司宴眼神左撇右撇,就是不看沈知言,「沒說什麼啊……」就是把他們的關係說的曖昧了一點兒,剩下的,可全是明姐腦補的。
司宴低頭,嘴角緩緩勾起一抹愉悅的笑容。
沈知言拉著他的衣領,警告道,「以後別在別人面前胡說八道,要是讓我發現……」
「放心,我肯定不會的。」司宴信誓旦旦地保證。
沈知言對此保持懷疑態度,他鬆開了抓著司宴衣領的手,皺眉看他下巴處的創口貼。
「你的傷為什麼還沒好?」按理說,Alpha身體素質很強,恢復力也好,這麼點的傷口,應該早就好了啊。
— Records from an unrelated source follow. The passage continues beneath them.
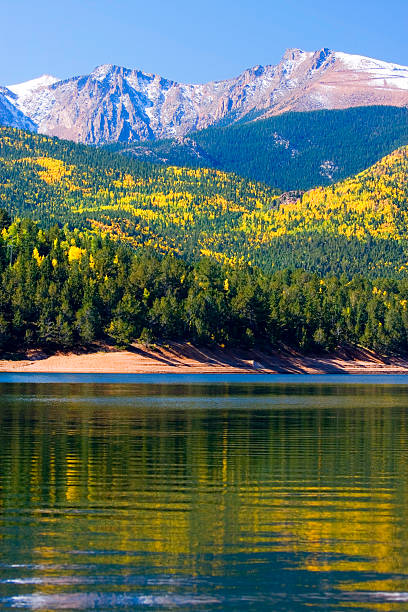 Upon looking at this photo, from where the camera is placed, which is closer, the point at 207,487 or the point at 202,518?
the point at 202,518

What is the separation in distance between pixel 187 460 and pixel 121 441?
8.79 meters

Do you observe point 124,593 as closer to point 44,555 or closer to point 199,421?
point 44,555

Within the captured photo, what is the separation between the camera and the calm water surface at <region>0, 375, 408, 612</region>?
76.8 ft

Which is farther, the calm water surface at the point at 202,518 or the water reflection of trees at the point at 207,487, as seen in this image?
the water reflection of trees at the point at 207,487

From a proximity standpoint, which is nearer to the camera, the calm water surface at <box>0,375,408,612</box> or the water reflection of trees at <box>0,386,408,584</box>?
the calm water surface at <box>0,375,408,612</box>

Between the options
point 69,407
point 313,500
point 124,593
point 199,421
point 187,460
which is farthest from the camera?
point 69,407

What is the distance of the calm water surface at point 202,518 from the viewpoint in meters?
23.4

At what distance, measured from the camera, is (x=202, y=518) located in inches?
1235

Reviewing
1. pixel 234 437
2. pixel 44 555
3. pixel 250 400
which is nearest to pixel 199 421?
pixel 234 437

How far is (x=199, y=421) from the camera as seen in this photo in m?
69.7

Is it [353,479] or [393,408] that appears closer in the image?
[353,479]

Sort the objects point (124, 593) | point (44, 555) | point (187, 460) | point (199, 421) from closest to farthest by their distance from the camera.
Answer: point (124, 593)
point (44, 555)
point (187, 460)
point (199, 421)

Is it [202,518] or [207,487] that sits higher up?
[202,518]

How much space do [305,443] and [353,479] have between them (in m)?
14.1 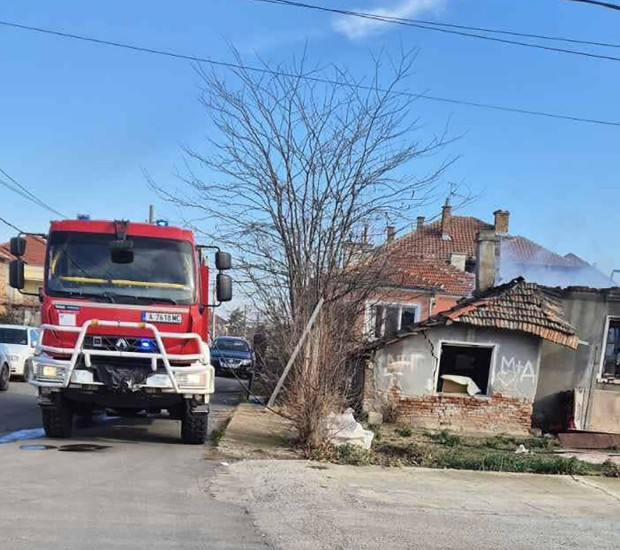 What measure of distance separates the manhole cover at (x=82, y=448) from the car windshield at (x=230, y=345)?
57.7ft

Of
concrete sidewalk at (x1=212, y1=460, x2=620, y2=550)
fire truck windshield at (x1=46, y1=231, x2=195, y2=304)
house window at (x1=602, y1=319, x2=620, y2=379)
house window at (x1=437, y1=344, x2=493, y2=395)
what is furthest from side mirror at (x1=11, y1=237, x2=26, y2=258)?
house window at (x1=602, y1=319, x2=620, y2=379)

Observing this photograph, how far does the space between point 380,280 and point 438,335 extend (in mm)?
1804

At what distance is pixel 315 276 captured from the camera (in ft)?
49.6

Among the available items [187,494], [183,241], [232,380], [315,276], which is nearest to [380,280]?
[315,276]

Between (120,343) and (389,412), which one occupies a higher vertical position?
(120,343)

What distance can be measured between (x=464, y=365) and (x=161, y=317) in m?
9.52

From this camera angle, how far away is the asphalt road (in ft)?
18.0

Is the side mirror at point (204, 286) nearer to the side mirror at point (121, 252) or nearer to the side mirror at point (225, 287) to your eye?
the side mirror at point (225, 287)

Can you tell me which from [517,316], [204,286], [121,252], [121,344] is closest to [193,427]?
[121,344]

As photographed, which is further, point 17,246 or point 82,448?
point 17,246

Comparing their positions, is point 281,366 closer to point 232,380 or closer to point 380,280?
point 380,280

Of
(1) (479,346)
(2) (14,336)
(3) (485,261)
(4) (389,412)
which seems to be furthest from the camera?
(3) (485,261)

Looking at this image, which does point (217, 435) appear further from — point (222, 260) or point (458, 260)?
point (458, 260)

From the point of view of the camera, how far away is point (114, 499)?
6.77 meters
司宴眼裡閃過一抹心虛,他捂著自己的下巴,「言言,好疼啊。」
他上前,輕輕環住了沈知言,把腦袋伸到他面前,指著下巴,「要你吹吹下巴才能好~」
沈知言輕推了他一下,「走開!」
至此,沈知言對司宴的印象又增加了一個——黏人的狗東西。
第17章 穆茶和葛嶼臣。/ 關係。/電話。
今天,沈教授在家裡窩著,突然聽到了急促的敲門聲。
沈知言被敲門聲吵醒,睜開眼,按了按自己的眼皮,此時那雙眼睛中還帶著剛醒來的迷茫,
他清醒了一會兒後,聽著還在不間斷的敲門,最後翻身下床,拉開門,
沈知言不愛與人交流,相熟的朋友很少,而在這個點來敲門的……除了那個黏人的狗東西,還能有誰?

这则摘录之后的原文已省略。